The victimocracy’s uncritical reliance on the epistemology of resentment seems to be in a state of constant expansion. In Chronicle 449 I mentioned the report of a UCLA campus survey that, after having sought out and found a few incidents that gave evidence of racism, declared campus racism to be a serious problem, notwithstanding what would appear to be the extreme paucity of such incidents in a community of some 40,000 people. This result was recently reinforced by another “campus climate” survey in which students and others were asked to indicate whether they had experienced incidents of offensive conduct: “24% of respondents believed that they had personally experienced exclusionary, intimidating, offensive, and/or hostile conduct at a UC campus/location…”  “Believing one has experienced” is thus presented as evidence of the experience itself, with no hint that skepticism concerning one’s own resentment is even theoretically possible.

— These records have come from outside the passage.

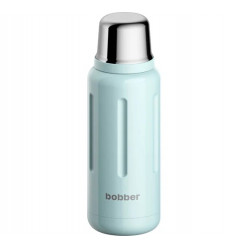 Термос для напитков Flask-1000 Light Blue | Bobber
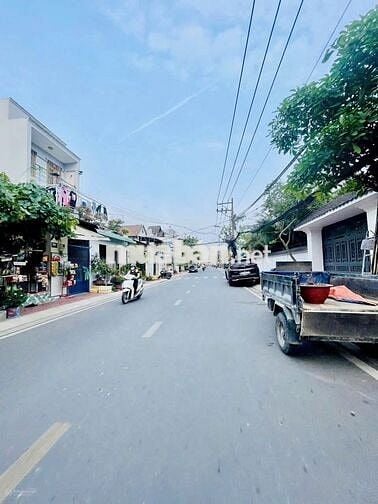 Bán đất mặt tiền Đường 24_267m2 ngang 7m,  xây CHDV hoặc tòa nhà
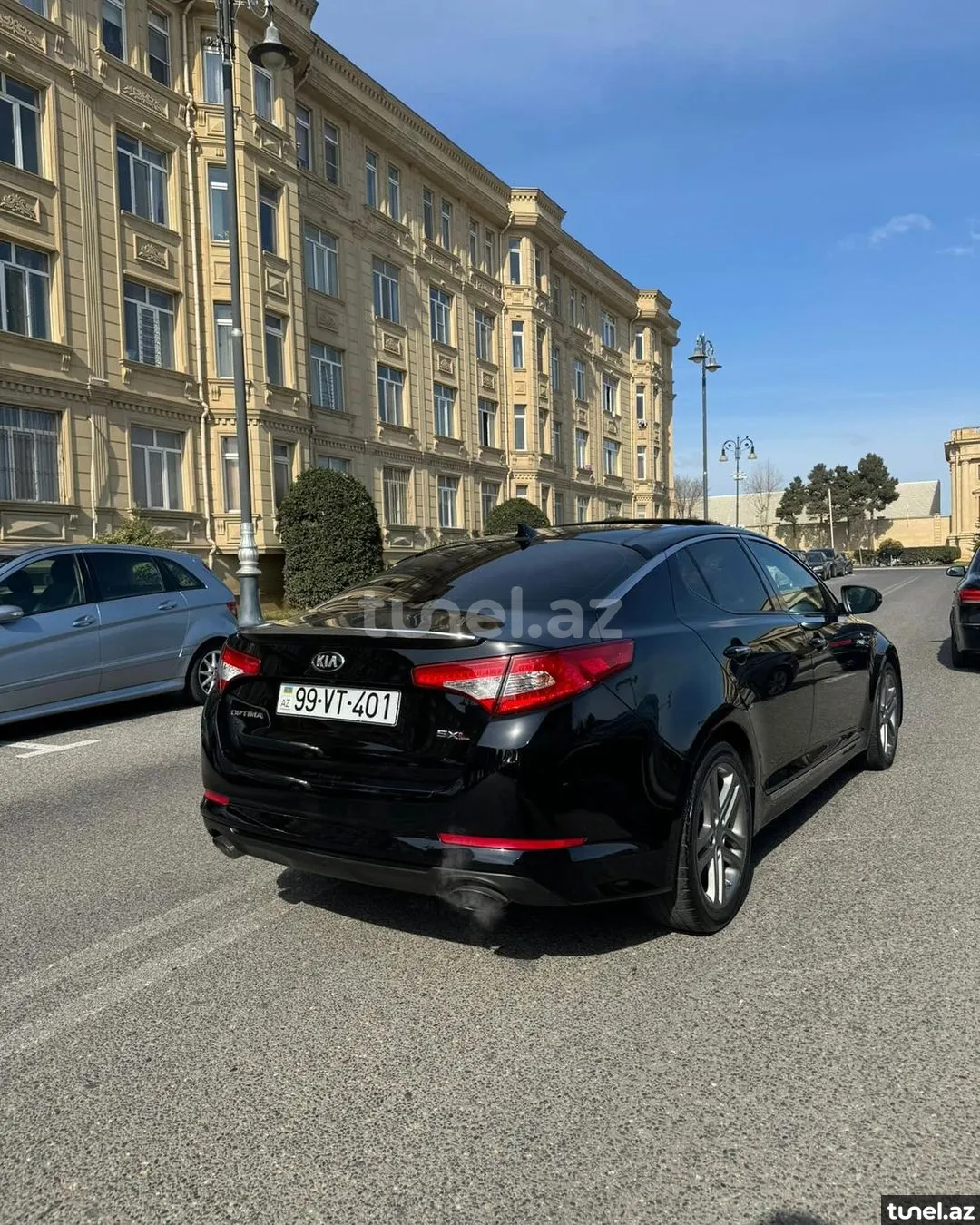 Kia Optima 2013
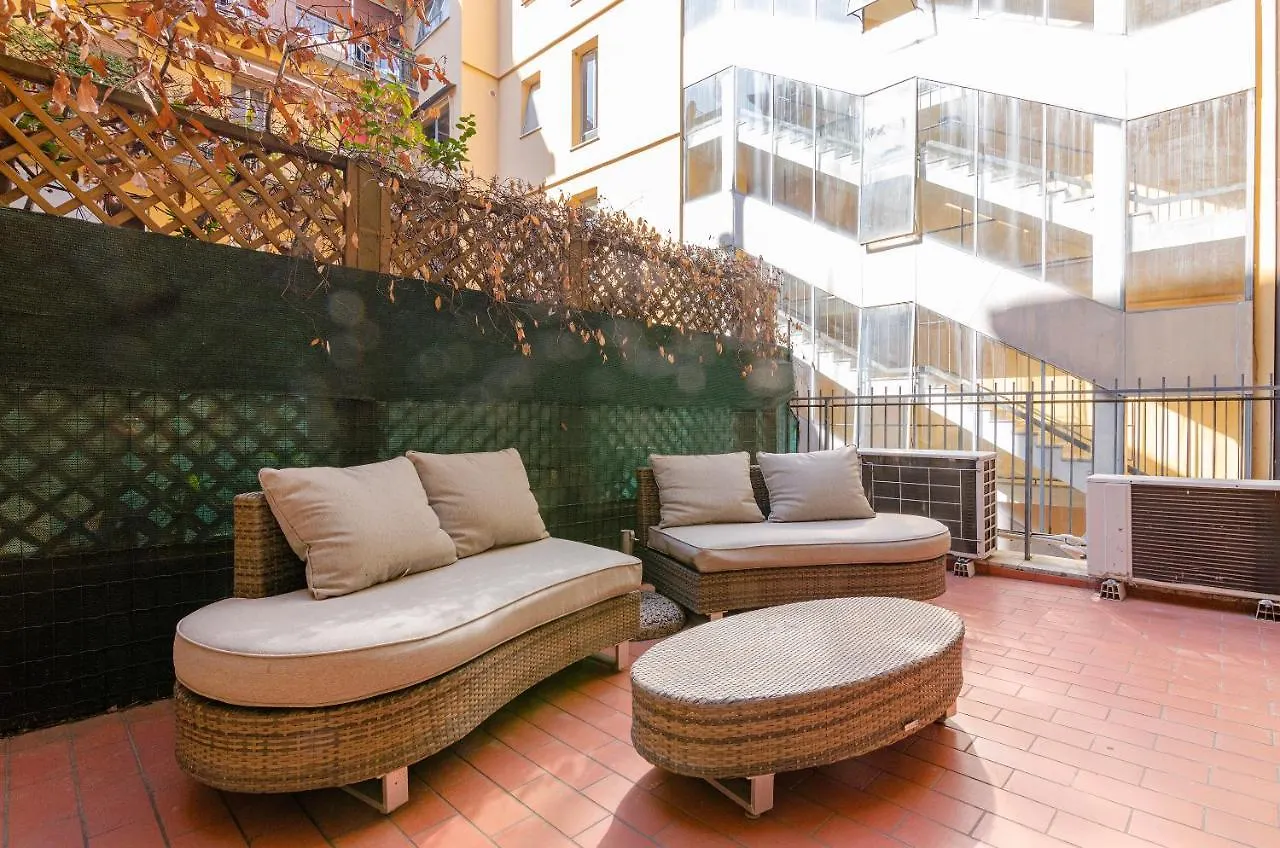 Apartament Casa Galliera Bolonia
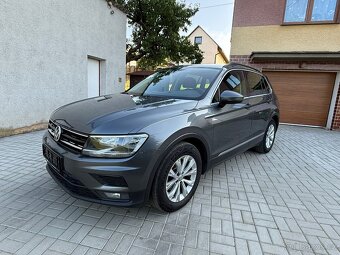 VW Tiguan 2.0TDI 110Kw DSG /Navi/Tažný/ACC/2020 - 2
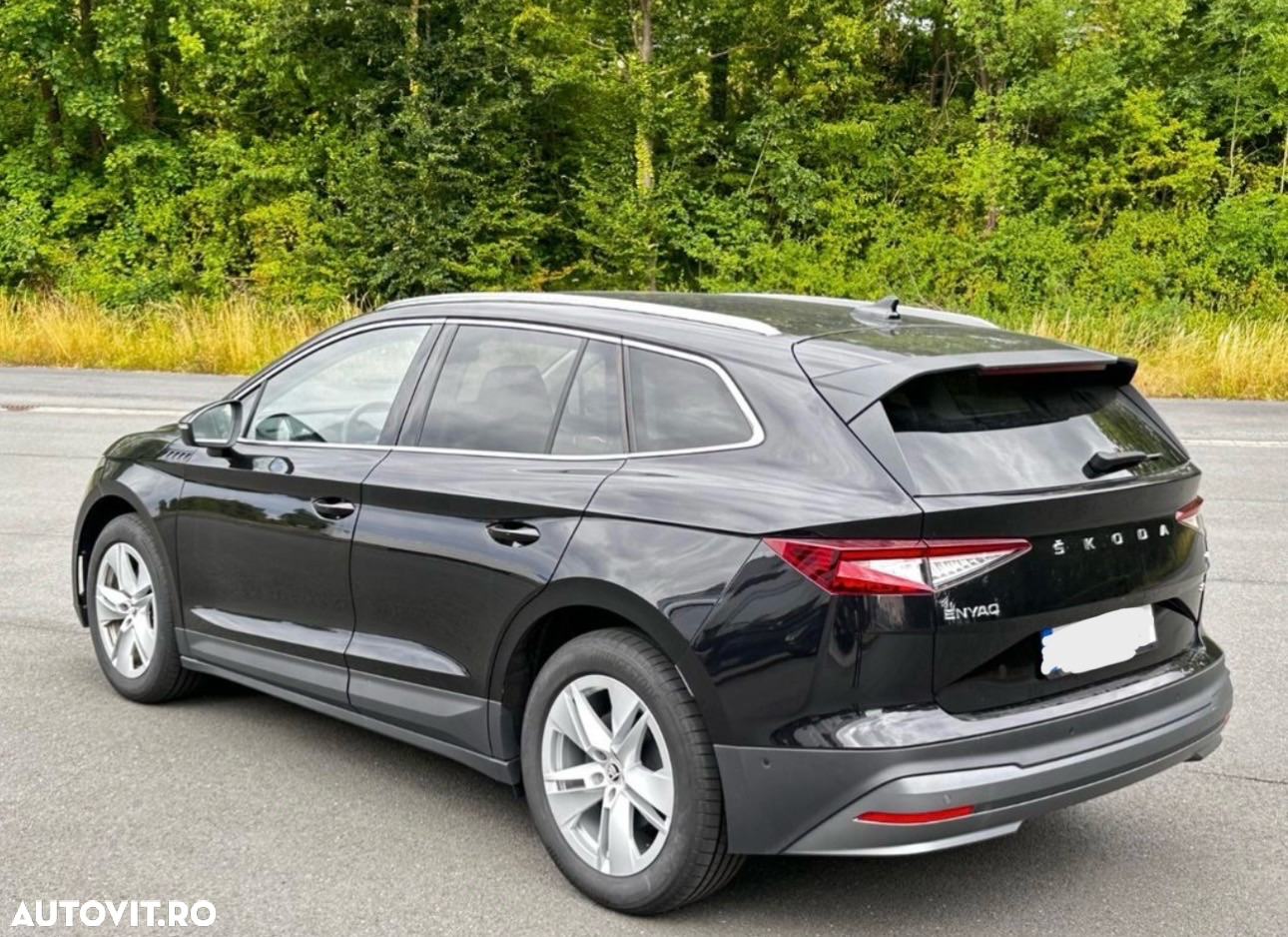 Skoda Enyaq iV Electric 80 - 6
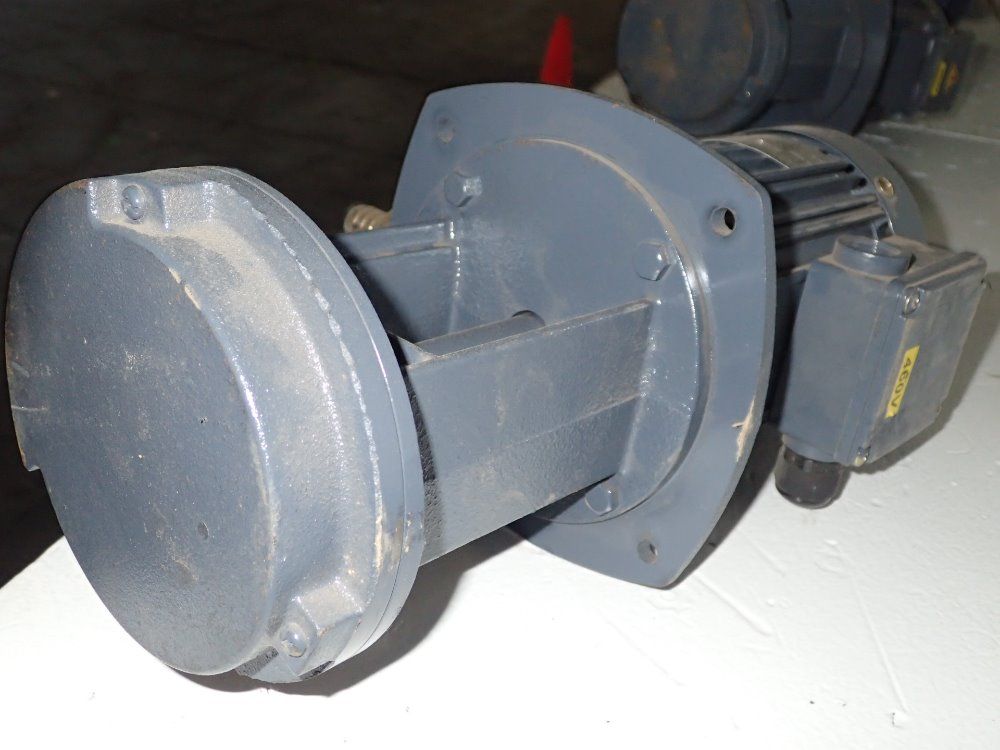 Jor Wei Coolant Pump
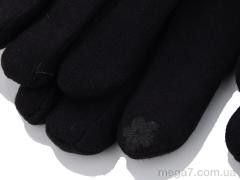Перчатки, RuBi оптом 05 трикотаж махра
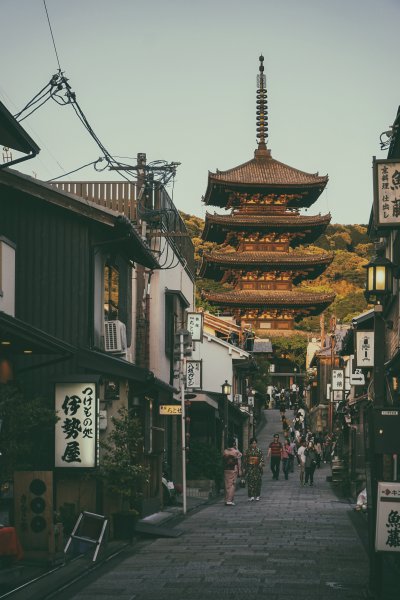 Yasaka Kyoto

It goes without saying that all persons, from whatever ascriptive groups, should be treated with fairness and human decency. But I believe that this can only be done once we go back to our religious tradition’s categorization of humans as bearers, not just of the “selfish gene,” but of sinfulness, a tendency to resent others above and beyond reaction to genuine injustice. The farther we go in giving free rein to the resentment of victimary groups, the more intergroup tension and the less tolerance we will create, and the less lovingly people will behave toward one another. The newly popular notion of “micro-aggression” is founded on the conviction that whatever efforts are made to eradicate it, the “hegemonic” stain of racism, sexism, and so on, like that on Lady Macbeth’s hand, can never be cleansed entirely, and that the apparently most innocent interactions, if analyzed with sufficient perspicacity, will reveal it. Like fanatical environmentalists for whom no concentration of a pollutant is low enough, the masters of micro-aggression will never accord an “oppressor” a clean bill of health.

All social orders are, in the first place, means for controlling resentment. It is not for nothing that the first word of Western culture, the menin of the Iliad, refers to Achilles’ “rage” that is in reality his resentment, his inability to “rage” in an active sense. As our means of detecting injustice, resentment must be checked by what we call our conscience, which is, in effect, our sense of our own potential sinfulness. The victimocracy is fated to discover that allowing any group, be it women, blacks, gays, the handicapped… to locate all sin outside itself is a recipe for social dissolution.

What can save us from this dystopia is to recall the sense of sin we learn from the understanding of our origin. GA is in this respect a path to the humanistic understanding of what has already been part of our great religious traditions. Call it resentment, call it mimetic desire, our inherent potential for sinfulness requires from all of us constant humility and vigilance. As Pascal reminded the beautiful souls of his era, qui veut faire l’ange, fait la bête—who would act as an angel, acts as a beast.